(About this exercise):
What lines in the records below hold the string "Cats"? Please show them.

Web page caption snippets:

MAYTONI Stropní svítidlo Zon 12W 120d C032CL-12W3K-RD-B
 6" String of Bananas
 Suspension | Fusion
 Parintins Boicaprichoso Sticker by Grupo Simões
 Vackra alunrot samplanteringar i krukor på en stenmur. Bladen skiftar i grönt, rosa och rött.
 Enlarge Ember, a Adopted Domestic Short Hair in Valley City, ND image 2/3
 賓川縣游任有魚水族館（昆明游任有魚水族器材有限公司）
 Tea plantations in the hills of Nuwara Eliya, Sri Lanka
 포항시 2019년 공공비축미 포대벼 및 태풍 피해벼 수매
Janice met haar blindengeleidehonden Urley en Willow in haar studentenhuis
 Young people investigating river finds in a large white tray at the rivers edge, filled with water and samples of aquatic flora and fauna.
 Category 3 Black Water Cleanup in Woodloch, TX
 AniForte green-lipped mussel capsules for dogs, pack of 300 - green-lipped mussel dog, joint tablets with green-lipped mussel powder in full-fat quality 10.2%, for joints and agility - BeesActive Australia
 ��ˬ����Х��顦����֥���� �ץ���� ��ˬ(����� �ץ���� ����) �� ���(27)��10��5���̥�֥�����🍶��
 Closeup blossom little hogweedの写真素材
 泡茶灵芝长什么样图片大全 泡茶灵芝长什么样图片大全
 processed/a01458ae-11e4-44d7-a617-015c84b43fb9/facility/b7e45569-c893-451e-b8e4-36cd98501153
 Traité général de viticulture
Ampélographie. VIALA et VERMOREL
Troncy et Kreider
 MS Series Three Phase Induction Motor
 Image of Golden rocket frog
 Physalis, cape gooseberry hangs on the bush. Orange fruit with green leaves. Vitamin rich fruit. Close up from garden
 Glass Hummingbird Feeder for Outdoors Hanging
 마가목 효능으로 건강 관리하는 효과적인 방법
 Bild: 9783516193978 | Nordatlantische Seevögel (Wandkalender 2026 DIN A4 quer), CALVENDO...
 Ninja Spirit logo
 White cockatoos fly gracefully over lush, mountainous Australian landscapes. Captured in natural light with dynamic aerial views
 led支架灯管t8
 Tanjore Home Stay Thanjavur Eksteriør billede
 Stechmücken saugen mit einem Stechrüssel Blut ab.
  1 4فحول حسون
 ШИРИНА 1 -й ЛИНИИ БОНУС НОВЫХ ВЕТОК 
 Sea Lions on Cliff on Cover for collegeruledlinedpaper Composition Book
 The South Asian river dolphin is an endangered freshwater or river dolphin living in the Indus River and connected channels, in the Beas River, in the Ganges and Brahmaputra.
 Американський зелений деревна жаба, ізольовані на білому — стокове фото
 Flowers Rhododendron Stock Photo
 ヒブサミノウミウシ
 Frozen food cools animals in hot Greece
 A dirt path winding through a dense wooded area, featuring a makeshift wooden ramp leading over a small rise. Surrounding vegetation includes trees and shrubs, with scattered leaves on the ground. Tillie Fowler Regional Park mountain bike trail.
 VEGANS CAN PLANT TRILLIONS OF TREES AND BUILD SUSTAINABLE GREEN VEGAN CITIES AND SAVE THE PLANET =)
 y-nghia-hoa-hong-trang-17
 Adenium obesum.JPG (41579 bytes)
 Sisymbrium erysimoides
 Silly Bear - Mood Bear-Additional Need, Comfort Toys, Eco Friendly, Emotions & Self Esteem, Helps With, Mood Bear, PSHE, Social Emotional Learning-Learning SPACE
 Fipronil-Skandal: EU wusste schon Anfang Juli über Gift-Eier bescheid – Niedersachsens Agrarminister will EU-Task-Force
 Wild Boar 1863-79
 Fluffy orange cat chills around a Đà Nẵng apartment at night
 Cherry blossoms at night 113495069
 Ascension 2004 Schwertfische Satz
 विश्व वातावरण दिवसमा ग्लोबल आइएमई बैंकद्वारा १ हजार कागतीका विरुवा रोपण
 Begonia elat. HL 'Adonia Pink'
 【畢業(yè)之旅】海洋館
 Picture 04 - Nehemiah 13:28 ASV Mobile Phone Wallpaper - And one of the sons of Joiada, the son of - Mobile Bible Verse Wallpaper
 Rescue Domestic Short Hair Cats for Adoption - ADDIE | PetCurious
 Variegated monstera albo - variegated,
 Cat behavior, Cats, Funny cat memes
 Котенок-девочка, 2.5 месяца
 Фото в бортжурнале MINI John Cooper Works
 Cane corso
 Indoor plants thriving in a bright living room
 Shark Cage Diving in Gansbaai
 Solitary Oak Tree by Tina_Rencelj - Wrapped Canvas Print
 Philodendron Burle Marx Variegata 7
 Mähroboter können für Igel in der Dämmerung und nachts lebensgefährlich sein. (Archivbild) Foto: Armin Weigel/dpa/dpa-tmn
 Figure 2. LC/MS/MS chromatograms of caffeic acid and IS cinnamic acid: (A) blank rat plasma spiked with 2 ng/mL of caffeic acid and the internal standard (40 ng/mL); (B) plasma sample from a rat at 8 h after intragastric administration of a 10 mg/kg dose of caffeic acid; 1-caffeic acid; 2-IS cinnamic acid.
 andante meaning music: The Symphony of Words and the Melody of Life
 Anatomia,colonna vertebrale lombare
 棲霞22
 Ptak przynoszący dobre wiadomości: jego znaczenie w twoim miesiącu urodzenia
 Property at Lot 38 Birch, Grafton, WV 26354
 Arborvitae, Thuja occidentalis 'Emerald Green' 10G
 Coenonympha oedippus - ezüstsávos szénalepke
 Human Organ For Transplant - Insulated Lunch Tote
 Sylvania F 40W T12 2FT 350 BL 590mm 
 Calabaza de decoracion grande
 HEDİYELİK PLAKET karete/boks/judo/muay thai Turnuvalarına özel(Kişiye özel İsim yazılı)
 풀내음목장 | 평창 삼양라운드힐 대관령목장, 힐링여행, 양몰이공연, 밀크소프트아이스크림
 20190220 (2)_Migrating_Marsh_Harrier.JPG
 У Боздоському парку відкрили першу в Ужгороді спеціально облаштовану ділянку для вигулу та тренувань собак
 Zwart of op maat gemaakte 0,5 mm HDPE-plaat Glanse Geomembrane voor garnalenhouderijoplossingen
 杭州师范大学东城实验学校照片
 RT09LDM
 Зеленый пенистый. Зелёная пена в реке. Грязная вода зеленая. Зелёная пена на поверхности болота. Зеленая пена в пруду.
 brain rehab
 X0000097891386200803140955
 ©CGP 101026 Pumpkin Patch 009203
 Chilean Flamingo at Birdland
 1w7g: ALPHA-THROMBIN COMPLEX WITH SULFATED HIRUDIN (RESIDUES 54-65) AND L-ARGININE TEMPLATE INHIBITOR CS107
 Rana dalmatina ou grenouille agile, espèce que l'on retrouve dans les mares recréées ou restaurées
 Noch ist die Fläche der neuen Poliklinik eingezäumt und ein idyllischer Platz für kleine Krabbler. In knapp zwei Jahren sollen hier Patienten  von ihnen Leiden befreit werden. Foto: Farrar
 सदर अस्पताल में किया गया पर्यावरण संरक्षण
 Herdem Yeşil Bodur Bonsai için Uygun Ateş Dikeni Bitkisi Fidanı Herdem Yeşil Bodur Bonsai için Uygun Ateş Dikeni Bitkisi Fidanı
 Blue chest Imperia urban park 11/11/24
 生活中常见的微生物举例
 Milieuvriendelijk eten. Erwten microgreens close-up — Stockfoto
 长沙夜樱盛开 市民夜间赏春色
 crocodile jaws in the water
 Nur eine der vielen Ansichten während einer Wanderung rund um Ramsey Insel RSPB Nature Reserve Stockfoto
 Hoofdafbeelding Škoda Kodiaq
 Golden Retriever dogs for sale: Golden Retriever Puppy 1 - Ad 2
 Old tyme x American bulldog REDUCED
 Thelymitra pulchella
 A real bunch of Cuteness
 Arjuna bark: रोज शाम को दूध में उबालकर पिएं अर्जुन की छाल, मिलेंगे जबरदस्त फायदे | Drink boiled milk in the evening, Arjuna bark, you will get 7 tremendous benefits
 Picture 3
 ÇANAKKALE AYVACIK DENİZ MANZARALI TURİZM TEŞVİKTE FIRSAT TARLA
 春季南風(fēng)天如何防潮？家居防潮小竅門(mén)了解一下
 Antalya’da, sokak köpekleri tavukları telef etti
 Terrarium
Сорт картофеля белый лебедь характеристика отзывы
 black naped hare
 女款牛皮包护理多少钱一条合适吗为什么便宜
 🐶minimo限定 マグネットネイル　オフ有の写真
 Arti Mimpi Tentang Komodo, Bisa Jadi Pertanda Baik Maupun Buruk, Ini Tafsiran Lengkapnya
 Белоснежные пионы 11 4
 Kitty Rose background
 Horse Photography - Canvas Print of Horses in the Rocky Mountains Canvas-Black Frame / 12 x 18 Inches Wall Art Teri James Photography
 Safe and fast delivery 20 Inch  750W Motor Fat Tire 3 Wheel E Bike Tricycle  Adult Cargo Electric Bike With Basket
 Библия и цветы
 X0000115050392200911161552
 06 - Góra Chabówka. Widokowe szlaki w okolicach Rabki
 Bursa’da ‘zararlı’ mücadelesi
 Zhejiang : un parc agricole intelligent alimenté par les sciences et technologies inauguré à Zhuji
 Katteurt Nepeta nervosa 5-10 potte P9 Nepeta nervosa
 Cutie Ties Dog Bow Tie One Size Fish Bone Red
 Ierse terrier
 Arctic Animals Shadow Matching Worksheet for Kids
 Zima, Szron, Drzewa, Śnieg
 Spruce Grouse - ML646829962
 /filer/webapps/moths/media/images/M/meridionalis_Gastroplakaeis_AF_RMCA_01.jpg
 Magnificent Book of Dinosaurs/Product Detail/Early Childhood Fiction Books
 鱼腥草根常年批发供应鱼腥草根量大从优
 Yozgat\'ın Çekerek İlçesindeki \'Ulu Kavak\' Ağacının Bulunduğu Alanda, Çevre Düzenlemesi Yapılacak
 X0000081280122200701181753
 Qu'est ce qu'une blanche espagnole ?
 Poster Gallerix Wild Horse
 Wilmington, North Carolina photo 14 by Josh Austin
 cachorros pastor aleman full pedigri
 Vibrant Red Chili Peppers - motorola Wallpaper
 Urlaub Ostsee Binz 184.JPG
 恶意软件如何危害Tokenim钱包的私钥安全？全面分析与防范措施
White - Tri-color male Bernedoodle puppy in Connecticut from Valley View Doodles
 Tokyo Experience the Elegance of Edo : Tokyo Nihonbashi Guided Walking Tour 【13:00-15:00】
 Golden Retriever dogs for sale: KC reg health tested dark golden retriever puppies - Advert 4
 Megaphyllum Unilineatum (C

(Expected answer):
 Rescue Domestic Short Hair Cats for Adoption - ADDIE | PetCurious
 Cat behavior, Cats, Funny cat memes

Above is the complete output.